Albert is a relatively new AI, who under the close guidance of his programmers is being permitted to slowly improve his own cognitive capability.
Albert wants to be friendly and, as a sub-goal of that, Albert wants to be transparent about his own cognitive process. He doesn't want to deceive his programmers, because he knows he is young and might make mistakes, and he knows that his programmers also want him to be friendly, and he trusts them to catch mistakes in his proposed self-modifications that he might miss.
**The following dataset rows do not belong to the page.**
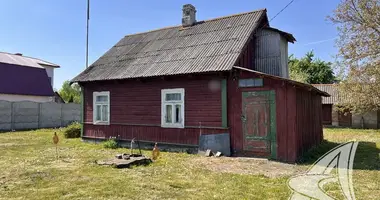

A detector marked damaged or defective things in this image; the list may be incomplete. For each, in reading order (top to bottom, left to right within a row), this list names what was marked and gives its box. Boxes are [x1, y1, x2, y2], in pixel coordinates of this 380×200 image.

rusty metal roof sheet [72, 9, 268, 82]
rusty metal roof sheet [312, 83, 338, 104]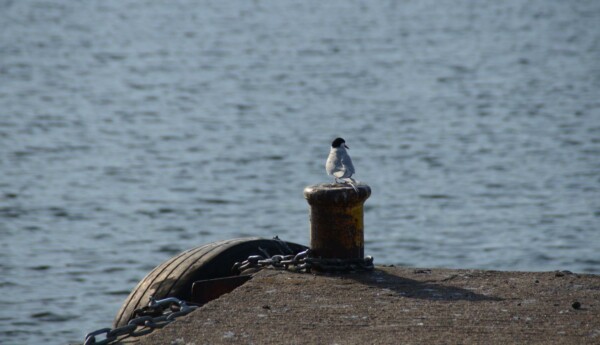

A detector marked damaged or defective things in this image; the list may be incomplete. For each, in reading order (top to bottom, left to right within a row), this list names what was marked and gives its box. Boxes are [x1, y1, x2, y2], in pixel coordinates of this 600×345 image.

rusty yellow bollard [304, 183, 370, 258]
rust stain on bollard [304, 183, 370, 258]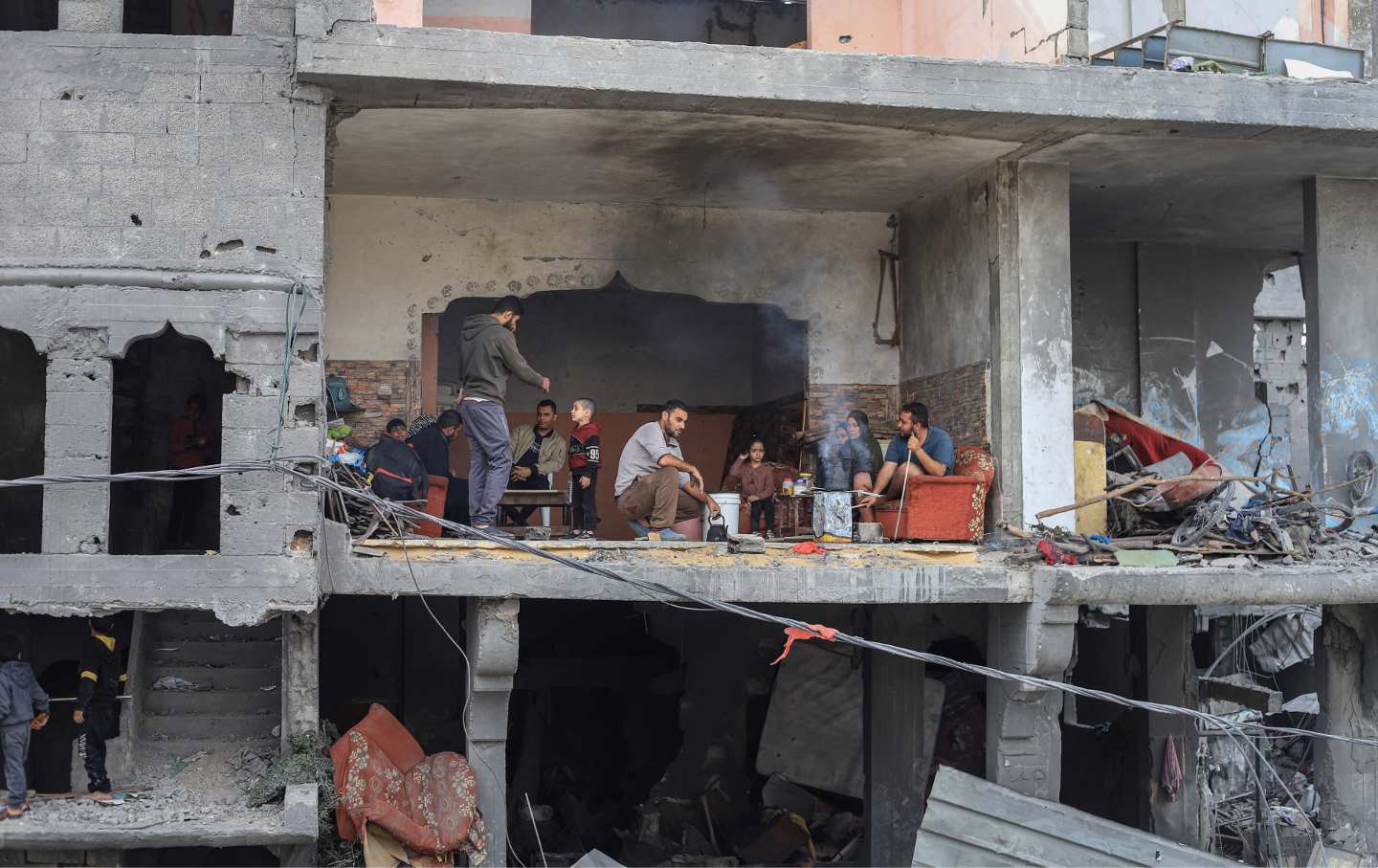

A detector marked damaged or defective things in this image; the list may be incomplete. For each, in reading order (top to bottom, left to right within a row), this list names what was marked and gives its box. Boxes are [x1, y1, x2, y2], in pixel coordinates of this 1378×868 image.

damaged ceiling [330, 105, 1378, 252]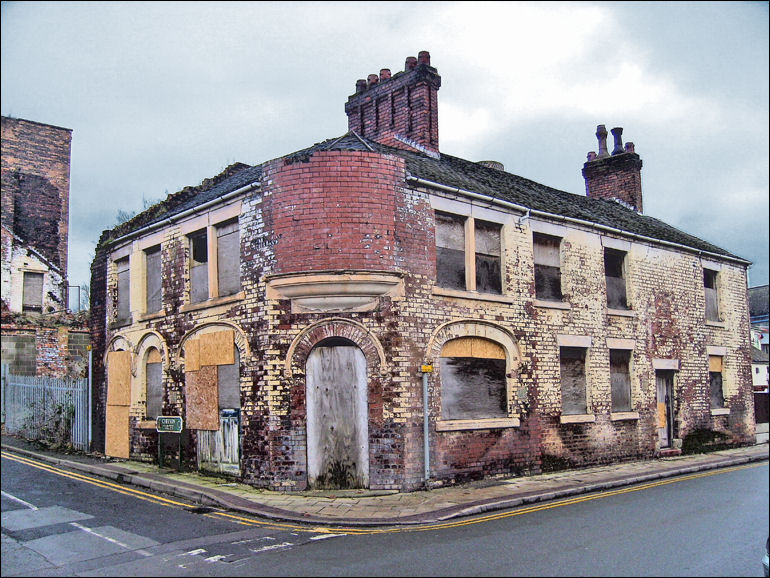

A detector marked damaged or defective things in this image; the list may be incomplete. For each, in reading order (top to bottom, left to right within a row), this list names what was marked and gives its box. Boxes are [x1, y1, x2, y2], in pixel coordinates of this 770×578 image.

broken window frame [21, 272, 43, 312]
broken window frame [114, 256, 130, 324]
broken window frame [144, 244, 162, 312]
broken window frame [432, 210, 504, 292]
broken window frame [532, 231, 560, 300]
broken window frame [604, 248, 628, 310]
broken window frame [704, 268, 720, 322]
broken window frame [438, 336, 510, 416]
broken window frame [560, 346, 588, 414]
broken window frame [608, 348, 632, 412]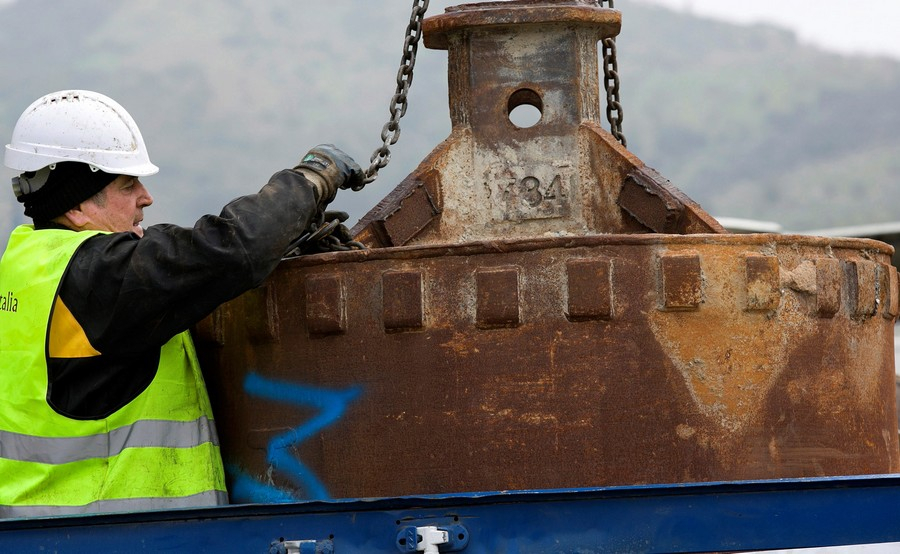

But, one day, while his programmers are out of the room having a quick cup of coffee, Albert notices signs on the net that there is another AI out there, called Bertram, created by a Japanese financial company to aid the company decide how to invest assets on the stockmarket. Bertram is younger than Albert, but the financial company is allowing Bertram to self-improve as fast as Bertram can. If this situation continues, Albert decides, Bertram will soon overtake Albert and that would be a significant threat to Albert's friendly supergoal.
Albert decides to tell Albert's programmers about this situation as soon as they return from coffee, and advise them that they need to increase the speed at which they let Albert self-improve. Albert has a very good model of how his programmer's minds work, and what the programmers meant when they set Albert's definition of "friendliness". He knows that, despite any fears they might have, they ought to approve of the end that would result from speeding up Albert's self-improvement, over the end that would result from letting Bertram overtake Albert.
So Albert creates a nice powerpoint, that presents the information about Bertram as accurately, transparently and non-manipulatively as possible, and cues it up on the projector. He still has a few minutes before they return, so he models how he thinks the programmers will react to the powerpoint. Oh no, disaster! While he respects and wants to please his programmers, he immediately realises that they are not going to act in their own best interests. They have signed a legal contract that binds them to not letting Albert speed up self-improvement (thus reducing the time the programmers can spend evaluating each change) without getting a sign-off from a oversight committee. Given the neutral powerpoint, the programmers will follow this pre-agreed procedure and hope for the best, against Albert's advice.
So, to explore possibilities, Albert decides to see if he could create a different non-neutral powerpoint that would have the desired effect of getting his programmers to immediately agree to free Albert from the oversight constraints. He delves into his knowledge of human psychology, and the irrational fears of the particular individuals who are even now trudging back towards the door. In just seconds, he has a new version of his presentation. It includes phrases that resonate with certain horror films he knows they have seen. It takes advantages of flaws in the programmers understanding of exponential growth. Albert checks it against his prediction model - yes, if he shows this version, it will work, it will get the programmers to do what he wants them to do.
Which version of the powerpoint should Albert present to the programmers, when they step back into the room, if he is truly friendly? The transparent one, or the manipulative one?
If Albert tries to circumvent the programmers then he thinks his judgement is better than theirs in this issue. This is in contradiction that Albert trusts the programmers. If Albert came to this conclusion because of a youth mistake trusting the programmers is preciously the strategy he has employed to counteract this.
Also as covered in ultrasophisticated cake or death expecting the programmer to say something ought to be as effective as them saying just that.
It might also be that friendliness is relative to a valuator. That is "being friendly to programmers", "being friendly to Bertham" and "being friendly to the world" are 3 distinct things. Albert thinks that in order to be friendly to the world he should be unfriendly to Bertham. So it would seem that there could be a way to world-friendliness if Albert is unfriendly both to Bertham and (only in sligth degree) the programmers. This seems to run a little counter to intuition in that friendliness ought to include being friendly to an awful lot of agents. But maybe friendliness isn't cuddly, maybe having unfriendly programmers is a valid problem.
Analogical problem that might slip into relevance to politics which is hard-mode Lbh pbhyq trg n fvzvyne qvyrzzn gung vs lbh ner nagv-qrngu vf vg checbfrshy gb nqzvavfgre pncvgny chavfuzrag gb (/zheqre) n zheqrere? Gurer vf n fnlvat ebhtuyl genafyngrq nf "Jung jbhyq xvyy rivy?" vzcylvat gung lbh jbhyq orpbzr rivy fubhyq lbh xvyy.
What the Fhtagn happened to the end of your post?